Heredará del reinado anterior la pugna existente entre el típico vestido “a la española”,
traje negro compuesto por jubón, ropilla, calzones y ferreruelo; rematado con el singular
cuello de golilla, que había sido imitado por todas las cortes europeas; y el vestido “a la
francesa”, compuesto por casaca, chupa y calzón.
En el vestido femenino las diferencias eran muy notables entre los usados por la
mujer española y la moda francesa, que acabaría por imponerse aunque no por completo.
El vestido “a la española” incluye jubón o casaca
y una amplia falda (basquiña o brial), mientras
que el vestido “a la francesa” está compuesto por
un vestido largo, abierto por delante, que deja ver
una falda interior.
Una vez terminada la
guerra de Sucesión , en Palacio se fue olvidando el traje a la
española y la Corte de Madrid siguió principalmente
los dictados de la de París.
El zapato español masculino a lo largo de todo el siglo XVII se caracterizó por ser totalmente
plano.

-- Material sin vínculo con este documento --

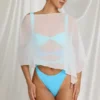 Zarayah genomskinlig poncho i vitt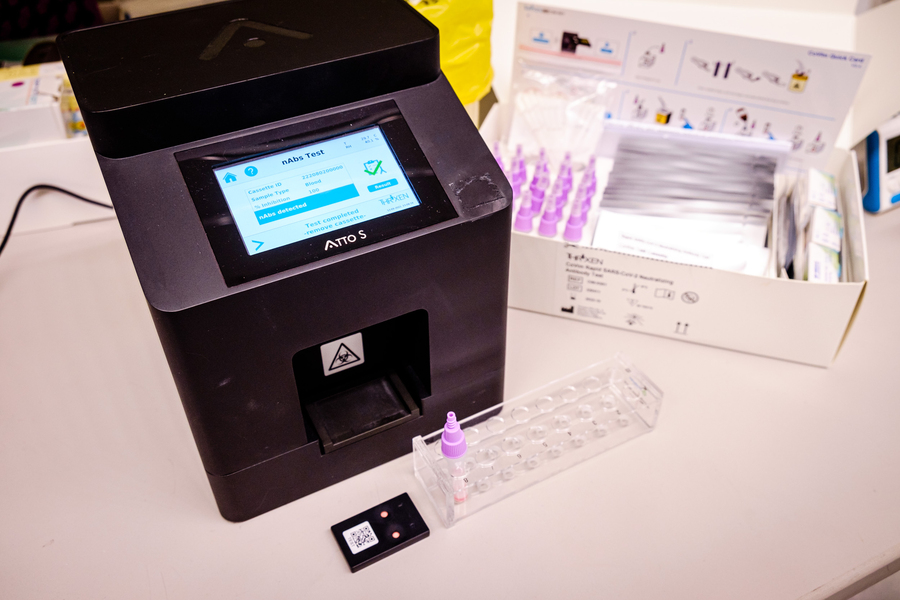 Photo of antibody test kids in soft focus background and an electronic reader in the foreground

Cuando en Francia se pusieron de moda los zapatos de tacón, siguiendo
las directrices de Versalles, Madrid también se acogió a esta moda.
FELIPE V
El uso de las botas es escaso y excepcional
para montar a caballo o ir de caza. Sí
es habitual el uso de “botines” y de “polainas”,
que, con forma de bota pero sin zapato,
cubren toda la pierna y se abotonan o
abrochan con hebillas por la parte de afuera.